Hamed arrived around 6:30pm and we got started with the fresh, corrected file. He began matching again with the School District file. Meanwhile, I started putting together the visualization with the correct data. We knew we wanted to use school district and plot schools, so it really was important to have that corrected data.
We worked up until the wire, submitting the visualization to Shawn at 11:57pm. We weren't done, but we were out of time, having lost a good bit of time dealing with the data problem and having to redo some things. All in all, we were pretty close to where we wanted to be. We did go back and add the finishing touches to the visualization. We also wanted to build some additional search functionality for School District and School, maybe text box searching, but we just didn't have the time to get those in.

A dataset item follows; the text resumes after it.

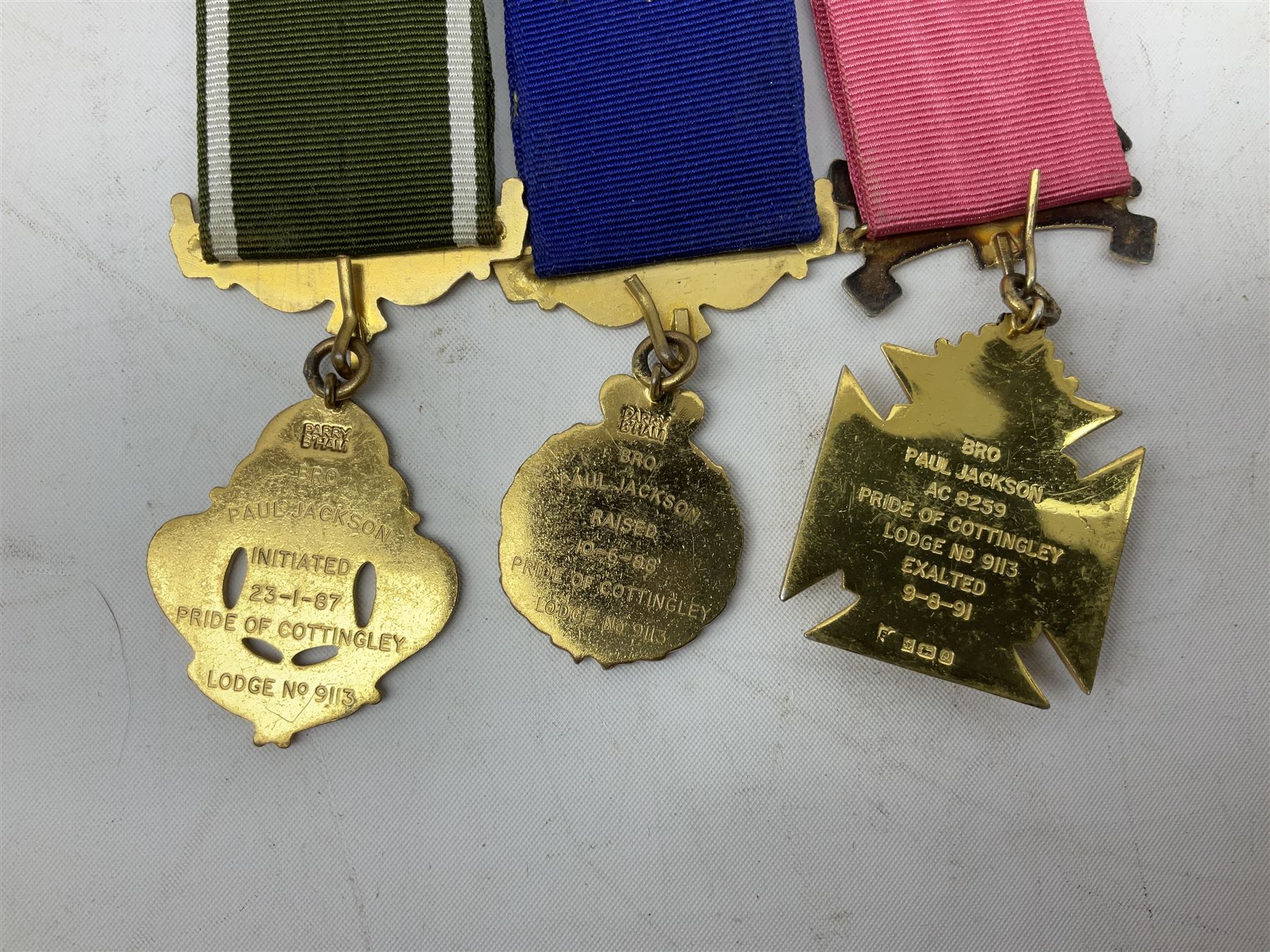 Masonic and similar jewels/medals to include Royal Antediluvian Order of Buffaloes, hallmarked, L.A Vallette Lodge No. 815, hallmarked, R.A.O.B Justice Truth Philanthropy, etc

Never trust the data. When looking at a new data set, it's always important to look around, check the data. Look at min, max, range, nulls, examine the dimensions. In general, just poke around. In this particular case, as soon as I mapped the schools I could see there was a problem with the data. When filtering "Cincinnati" school district and there are schools showing all over the state of Ohio, that was a big read flag. My immediate thought was that I did something wrong, a bad filter or the wrong field, but when I went back to examine the data I could quickly see there was an issue with teh underlining data.
Don't give up. We had problem after problem. Conflicting schedules, people dropping out, bad data issues that we needed to resolve, goecoding problems and a ticking time clock. We kept pressing forward and at the end of the day we were really pleased with what we had accomplished in such a short period of time. It was a great opportunity to compete with some great Tableau User Groups across the world and we had fun doing it.